Zaten ülkelerin ve ulaştırma sektörünün amacı insanı ve çevreyi, taşımacılık politikasının merkezine koymak olmalıdır. Üst düzey hizmet kalitesi ve iyi çalışma koşullarını sağlayarak, taşımacılık pazarlarında artan rekabet baskısından ulaştırma hizmeti alanları ve verenleri gereksiz yere etkilenmemesinin koşullarını oluşturmalıdır.
Geleceğin ulaştırma sisteminde demiryolu sektörünün çok önemli rolü olacaktır. Gerek kent içinde gerekse kentlerarası taşımacılıkta, raylı sistemler olamazsa olmaz bir taşımacılık olarak kullanılacaktır.

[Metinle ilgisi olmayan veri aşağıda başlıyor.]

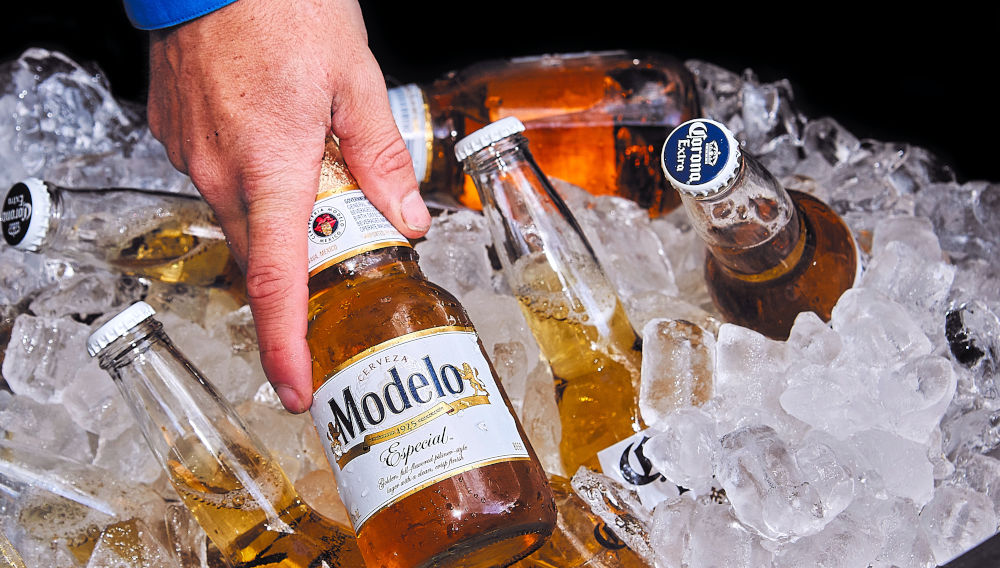 Person grapping a Modelo bottle from a cooler filled with ice (Photo by James Kern on Unsplash)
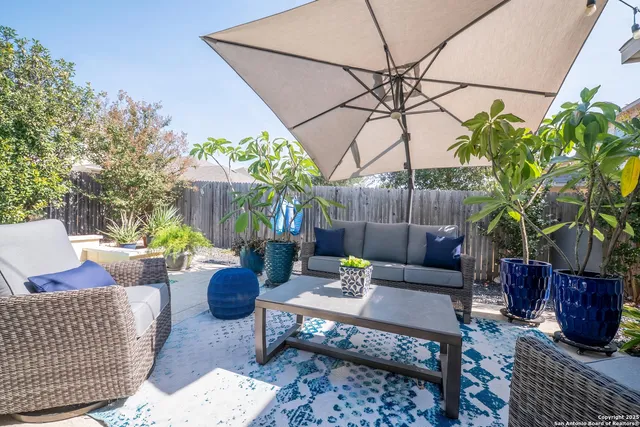 a outdoor living space with furniture and a potted plant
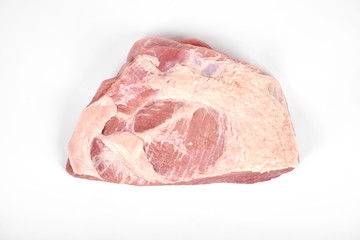 A large piece of pork isolated on white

Serbestleştirme ile birlikte, Türkiye’de ulaştırmanın sürdürülebilirliği ve yeni demiryolu bağlantıları ile Türkiye, Avrupa ve Asya ortasındaki jeopolitik konumuyla, doğu-batı ve kuzey-güney ulaştırma koridorları arasında büyük bir ticaret güzergahının avantajlı durumu nedeniyle, denizyolu bağlantılı aktarma/transit yükleri, limanlarına çekebilecek potansiyele sahip olacaktır.
Demiryolunun serbestleştirilmesi ile birlikte tek modlu taşımacılık ve taşıma türleri arasındaki kıyasıya rekabet anlayışından, “taşıma türleri arasında işbirliği” anlayışına giden yeni bir sürece girmiştir.